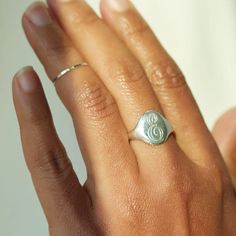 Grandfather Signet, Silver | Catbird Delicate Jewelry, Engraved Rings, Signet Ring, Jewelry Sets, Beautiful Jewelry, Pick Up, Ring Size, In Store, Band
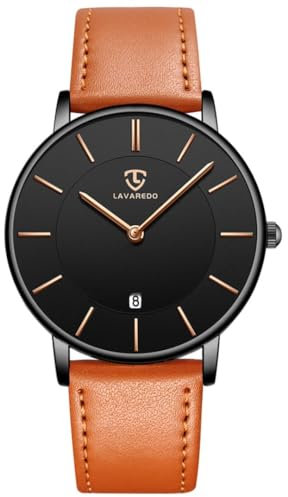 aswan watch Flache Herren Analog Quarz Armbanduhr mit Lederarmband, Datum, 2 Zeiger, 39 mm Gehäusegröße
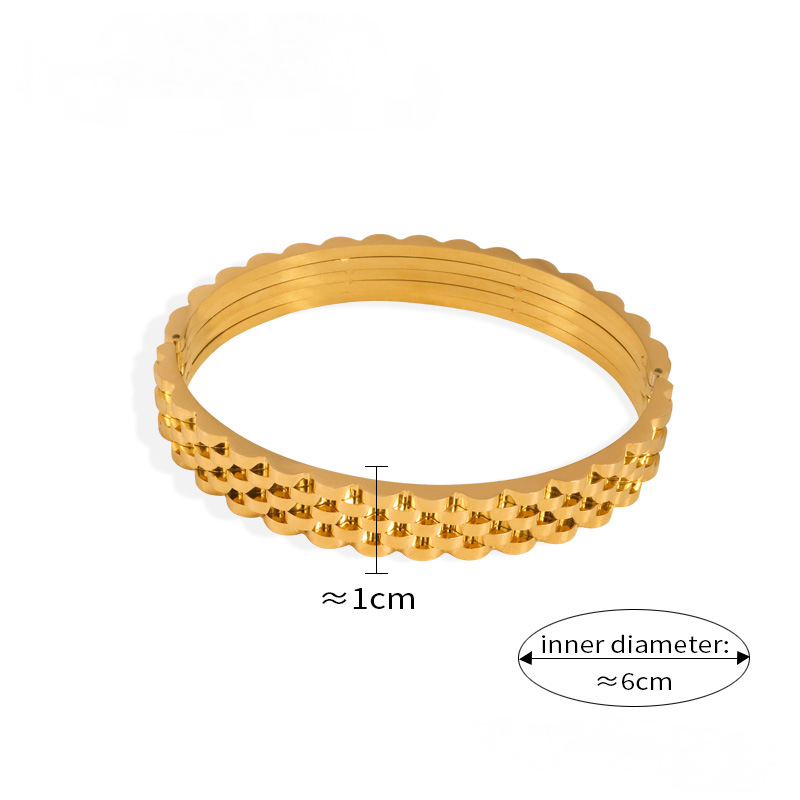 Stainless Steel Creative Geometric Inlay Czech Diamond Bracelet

(Prompt) Nothing but the listing, copied exactly and stripped of its images, should appear in the response.

(Answer to this task)
 Grandfather Signet, Silver | Catbird Delicate Jewelry, Engraved Rings, Signet Ring, Jewelry Sets, Beautiful Jewelry, Pick Up, Ring Size, In Store, Band
 aswan watch Flache Herren Analog Quarz Armbanduhr mit Lederarmband, Datum, 2 Zeiger, 39 mm Gehäusegröße
 Stainless Steel Creative Geometric Inlay Czech Diamond Bracelet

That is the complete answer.